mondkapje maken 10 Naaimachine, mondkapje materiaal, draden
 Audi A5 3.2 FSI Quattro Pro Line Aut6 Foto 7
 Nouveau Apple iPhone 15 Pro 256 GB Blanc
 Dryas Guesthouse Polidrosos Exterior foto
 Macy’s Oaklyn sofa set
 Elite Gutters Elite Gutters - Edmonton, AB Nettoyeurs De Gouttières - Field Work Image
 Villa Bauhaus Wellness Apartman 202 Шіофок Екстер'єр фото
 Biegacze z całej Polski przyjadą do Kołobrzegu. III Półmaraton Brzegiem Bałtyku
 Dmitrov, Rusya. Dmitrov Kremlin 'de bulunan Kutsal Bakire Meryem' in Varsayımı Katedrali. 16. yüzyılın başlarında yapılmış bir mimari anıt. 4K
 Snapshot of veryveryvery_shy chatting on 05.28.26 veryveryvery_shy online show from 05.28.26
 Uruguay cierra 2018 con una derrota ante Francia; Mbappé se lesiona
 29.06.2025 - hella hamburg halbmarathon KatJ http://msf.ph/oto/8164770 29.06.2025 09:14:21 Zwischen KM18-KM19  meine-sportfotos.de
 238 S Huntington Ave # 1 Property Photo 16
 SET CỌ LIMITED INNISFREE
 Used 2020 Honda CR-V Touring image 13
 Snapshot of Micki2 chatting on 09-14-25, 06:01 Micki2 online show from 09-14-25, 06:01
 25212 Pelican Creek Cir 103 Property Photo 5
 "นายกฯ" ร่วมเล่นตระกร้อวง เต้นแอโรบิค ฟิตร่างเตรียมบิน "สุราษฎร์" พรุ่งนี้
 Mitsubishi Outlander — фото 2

* **Task item**: Among the entries above, find the line with "238 S Huntington Ave # 1 Property Photo 16" and the line with "25212 Pelican Creek Cir 103 Property Photo 5"; give again exactly these two lines and all lines between them.

* **Answer to the exercise**:
 238 S Huntington Ave # 1 Property Photo 16
 SET CỌ LIMITED INNISFREE
 Used 2020 Honda CR-V Touring image 13
 Snapshot of Micki2 chatting on 09-14-25, 06:01 Micki2 online show from 09-14-25, 06:01
 25212 Pelican Creek Cir 103 Property Photo 5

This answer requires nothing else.